The reality is: Brands are everywhere. What’s more, in case you haven’t noticed, colleges and universities exist in a competitive environment and are brands themselves. “Whether you like it or not, universities have a brand,” says the president of the University of Toronto. “It’s an image people associate with us.”
The same may go for academics, although most, I suppose, will continue to prefer descriptors like “expert” and “specialist.”
When I think of academic branding, Neil deGrasse Tyson (astrophysicist), Doris Kearns Goodwin (presidential historian), Henry Louis Gates, Jr.(social historian/genealogist/literary critic of African and African-American studies), and Stephanie Coontz (historian of marriage and family) come to mind. Via their research, public appearances, and online presences — indeed, each has relatively active social media accounts and/or websites — these public Ph.D.s brand themselves according to their fields of study.
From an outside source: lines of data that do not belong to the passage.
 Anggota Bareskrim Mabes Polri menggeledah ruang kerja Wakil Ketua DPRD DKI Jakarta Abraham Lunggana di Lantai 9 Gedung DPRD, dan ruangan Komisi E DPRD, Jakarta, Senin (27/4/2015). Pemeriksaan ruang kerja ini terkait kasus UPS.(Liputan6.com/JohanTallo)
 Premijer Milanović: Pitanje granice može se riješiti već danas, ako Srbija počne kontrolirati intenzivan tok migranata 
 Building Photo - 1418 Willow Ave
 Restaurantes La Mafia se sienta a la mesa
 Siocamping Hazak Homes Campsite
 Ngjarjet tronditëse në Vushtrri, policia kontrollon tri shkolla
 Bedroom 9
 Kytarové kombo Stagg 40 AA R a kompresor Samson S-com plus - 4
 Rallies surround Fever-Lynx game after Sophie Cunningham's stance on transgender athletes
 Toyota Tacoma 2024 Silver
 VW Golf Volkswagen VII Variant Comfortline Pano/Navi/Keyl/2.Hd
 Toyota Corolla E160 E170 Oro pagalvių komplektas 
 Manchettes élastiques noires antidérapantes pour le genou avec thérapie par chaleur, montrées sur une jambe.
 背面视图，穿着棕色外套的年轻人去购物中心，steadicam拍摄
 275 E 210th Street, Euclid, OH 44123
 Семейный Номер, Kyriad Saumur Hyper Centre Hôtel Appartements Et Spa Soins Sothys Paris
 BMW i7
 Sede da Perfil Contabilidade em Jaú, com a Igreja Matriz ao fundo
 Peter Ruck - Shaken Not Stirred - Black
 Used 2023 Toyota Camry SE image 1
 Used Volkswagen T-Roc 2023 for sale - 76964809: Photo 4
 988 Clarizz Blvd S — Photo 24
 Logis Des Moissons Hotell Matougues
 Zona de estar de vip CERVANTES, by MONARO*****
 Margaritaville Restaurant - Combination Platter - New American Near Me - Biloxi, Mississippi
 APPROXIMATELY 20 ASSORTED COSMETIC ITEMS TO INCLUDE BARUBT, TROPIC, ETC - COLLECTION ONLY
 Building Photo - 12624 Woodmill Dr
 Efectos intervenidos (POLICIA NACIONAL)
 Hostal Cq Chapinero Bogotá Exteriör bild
For instance, Tyson tweets about the expanding sun, Pluto, and the universe in general. Kearns Goodwin shares tidbits about James Buchanan and LBJ while Gates offers links on desegregation in the U.S .military and discussions of race in the classroom. Over on Facebook, Coontz posts about falling divorce rates and the sex lives of Millennials. Each piece of shared information supports their scholarly work.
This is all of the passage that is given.